During Week 9, we installed ceiling vapor barriers, continued plumbing and wiring work, and started working on the electrical hook-up for the homes. After heavy rain over the weekend, and the ground is still frozen a few feet down, the site was temporarily transformed into a mud pit. This made it interesting to navigate heavy equipment and dig a trench for the power line. Nevertheless, we will have electricity by the end of the week!
Takpaan Weber is a UAF student from Anaktuvuk Pass, a small Iñupiat village in the Alaska Brooks Range. She describes her experience working on the UAF Sustainable Village and other low-energy experimental prototype homes she has helped build in rural Alaska.
Framing is underway on the 4th and final house. Workers began applying ceiling vapor barriers and Grace rain and ice shields (which act as a drainage plane) to the fully framed homes. Now we’re exploring options for siding and interior finishing, looking at a combination of donated, market-value, and reclaimed materials.
We’ve made a lot of progress on the Sustainable Village this week—framed the first floor of the northwest house, started building the deck for the second floor, and poured concrete slabs for the two east homes.
The first floor of the first house was framed in a day. The 1,500-square-foot home has four bedrooms, a downstairs bathroom, upstairs kitchen, and big south-facing deck on the second story.

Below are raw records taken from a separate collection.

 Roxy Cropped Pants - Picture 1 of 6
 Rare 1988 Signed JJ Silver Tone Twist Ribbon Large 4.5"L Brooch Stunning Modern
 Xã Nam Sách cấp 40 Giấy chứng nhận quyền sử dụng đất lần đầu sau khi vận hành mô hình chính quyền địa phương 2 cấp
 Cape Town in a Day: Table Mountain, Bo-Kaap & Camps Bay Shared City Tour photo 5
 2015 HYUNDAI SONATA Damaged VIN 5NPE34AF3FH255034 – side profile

The beginning of the week was cold with scattered showers, so the concrete contractors waited until Thursday and Friday to pour slabs. The process took about two hours—the mixing truck and the pumping truck showed up and one of the guys poured the coloring (Santa Fe) into the mix. Then five guys worked together on the floor, spreading the “mud” from a rubber hose, moving it around with “mud sticks,” leveling the slab with a screed (or flat board), and smoothing and sealing it with a bull float (a long-handled tool with an aluminum float). Once the slab set up a bit, they went over it with a trowel (a flat, metal-bladed hand tool), which gets rid of any bumps and gives it a smooth finish. The slab is 1.5 inches with a pretty adobe color.

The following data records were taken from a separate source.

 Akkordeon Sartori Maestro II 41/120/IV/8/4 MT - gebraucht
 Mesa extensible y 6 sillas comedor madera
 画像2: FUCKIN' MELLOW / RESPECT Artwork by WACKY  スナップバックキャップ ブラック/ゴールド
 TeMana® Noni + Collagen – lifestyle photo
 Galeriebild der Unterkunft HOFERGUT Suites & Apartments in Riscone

The crew is currently framing the second story. Next week students begin helping out on site.
pouring the concrete slab for the southeast home
radiant tubing within the concrete slab
spreading the “mud”
mixing truck pours cement into concrete pump
pouring cement-a team operation!
screeding, or leveling, the slab
bull floating, or pushing the gravel to the bottom and the “cream” to the top
During Week 3, we built floors for the two homes on pilings and laid radiant floor tubing. The homes will have concrete slabs and and about 10 inches of under-floor spray foam insulation.